Un mois de grève des enseignants en Jordanie - Une légitimité populaire nationale

« Avoir faim ensemble ou être rassasiés ensemble »  : Ce qu’un gouvernement non élu ne comprend pas

mardi 1er octobre 2019, par ALI Doua, JARRAR Shaker

Pendant de nombreuses années, aucune revendication n’a occupé l’espace public, contrairement à la grève illimitée des enseignants, qui en est à sa quatrième semaine et est probablement la plus longue de l’histoire de la Jordanie. Outre la grève qui a affecté le quotidien de la plupart des familles jordaniennes qui n’ont pas envoyé leurs fils et leurs filles à l’école depuis juin, la question des enseignants a généré un sentiment général que les ressources du pays ne peuvent plus être gérées comme elles l’ont été au cours des deux dernières décennies.

Cette affaire, qui a au moins apparemment pris la forme d’une confrontation entre le gouvernement et le syndicat d’enseignants [1], en dit long sur la composition, la motivation et les bases des deux camps. Bien que la solidarité populaire généralisée ne relève pas seulement d’une sympathie pour le syndicat, mais d’une compréhension de la convergence d’intérêts avec ce dernier, la performance du syndicat des enseignants a contribué à élever cette solidarité. Il n’est pas exagéré de dire que cette performance est la plus dure et la plus engagée de l’histoire des syndicats jordaniens depuis que la loi martiale a été levée en 1989, après des décennies au cours desquelles l’activité des partis et des syndicats a été menée à huis clos.

Dans les déclarations du gouvernement - nombreuses - au cours des deux derniers jours, y compris lors d’une prise de parole à la télévision et d’une conférence de presse de Razzaz et de plusieurs de ses ministres, le gouvernement a souligné à plusieurs reprises que le syndicat était intransigeant dans ses revendications et que le gouvernement avait soumis des propositions de solution, dont la plus importante était la prime proposée pour le système d’échelon, soit un montant compris entre 24 et 31 dinars, et qu’en retour le syndicat n’a rien a proposer sinon des excuses et la reconnaissance d’une revalorisation de 50 %. (...). Cela reflète le fait que le gouvernement refuse d’admettre, ou d’accepter, que le syndicat est vraiment fort. Il refuse également de prendre acte que cette force ne provient pas de l’obstination du dirigeant ou du porte-parole du syndicat, ni de la composition de l’ensemble de son conseil, mais du fait qu’il a porté une revendication unanime au sein de ses adhérents et l’a inscrite de fait à l’ordre du jour du gouvernement, comme on suppose que le font les syndicats représentatifs.
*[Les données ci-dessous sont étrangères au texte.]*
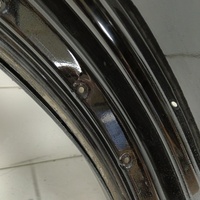 Дверь задняя левая на Haval F7 2019-2025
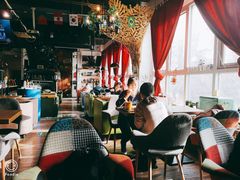 大堂-莫比餐厅(五道口店)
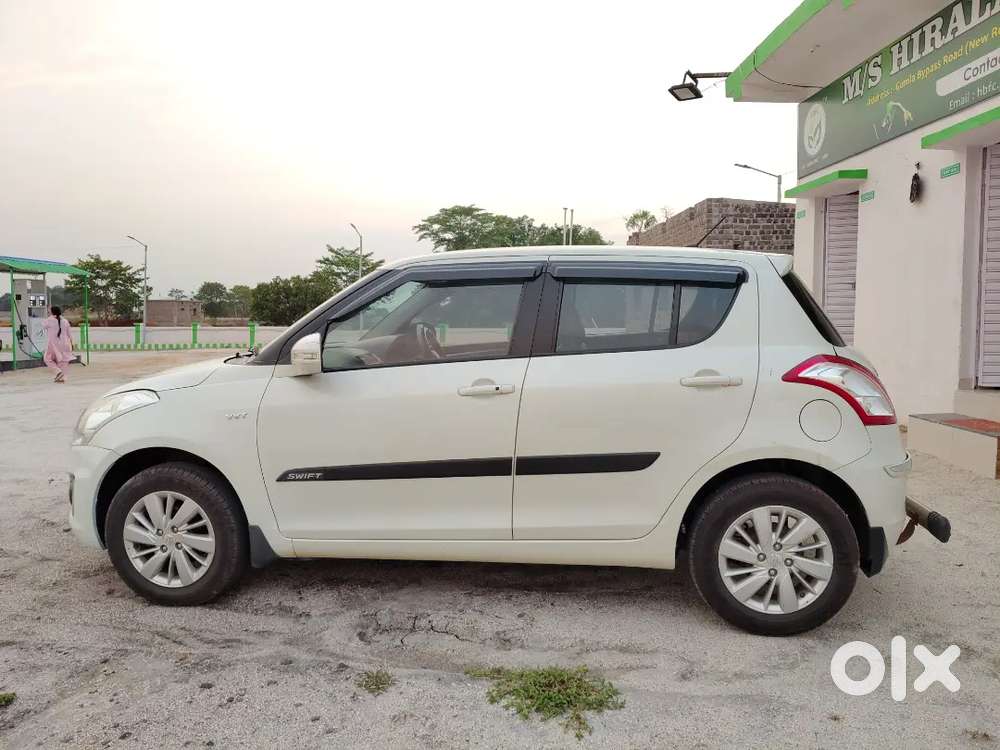 Maruti Suzuki Swift 2016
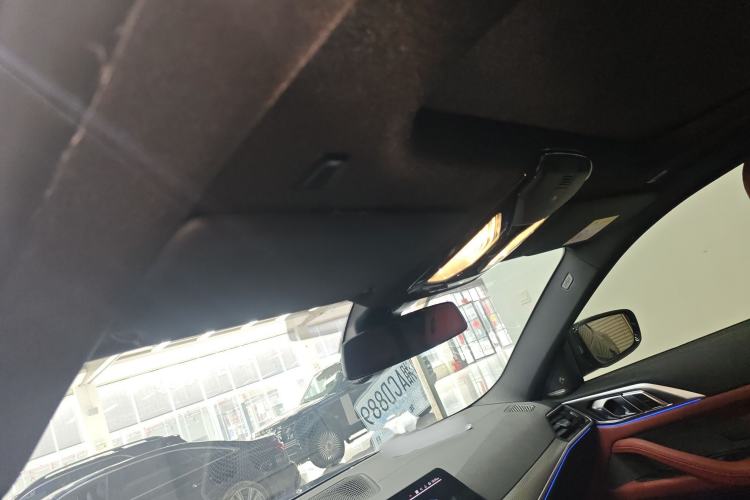 Used BMW 4 Series 2021 425i M Sport Night Edition Headliner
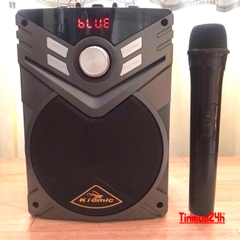 LOA KARAOKE MINI KIOMIC K56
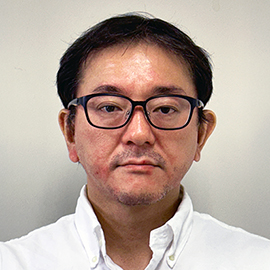 金沢大学 理工学域 物質化学系 教授 添田 貴宏 先生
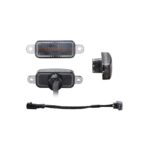 A2D Raptor Style Car Front Grill Drl Led Lights Emergency Off-Roading Shell Lights Set of 4 - Image 2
En expliquant la fermeté par l’entêtement du syndicat, Razzaz feint d’ignorer que ce dernier parle au nom de bases larges qui ont exprimé,-et continuent d’exprimer-, leur soutien à son conseil et leur attachement à sa décision. Il feint d’ignorer que le conseil n’osera pas aujourd’hui briser la grève sans que les revendications aient été satisfaites, comme l’a déclaré un enseignant. Quiconque accède au pouvoir – quel qu’il soit -, avec les suffrages exprimés par le peuple est bien conscient du fait que revenir sur ses revendications à ce stade est un suicide politique. C’est quelque chose que ne peuvent comprendre des gouvernements qui ne sont pas issus du peuple.

S’agiter pour dissoudre le syndicat et poursuivre son conseil est une menace qui ne peut plus être mise à exécution. Le syndicat est non seulement issu d’une légitimité populaire que le régime a combattue depuis des décennies, mais son conseil élu et représentant des dizaines de milliers de personnes a acquis une force qu’aucune structure organisée n’a acquis depuis des années, une force qui oblige de nombreux syndicats, comités et courants à désavouer la position du conseil des syndicalistes professionnels alignée sur le gouvernement, sans parler du large soutien à la grève des citoyen.e.s, directement ou indirectement.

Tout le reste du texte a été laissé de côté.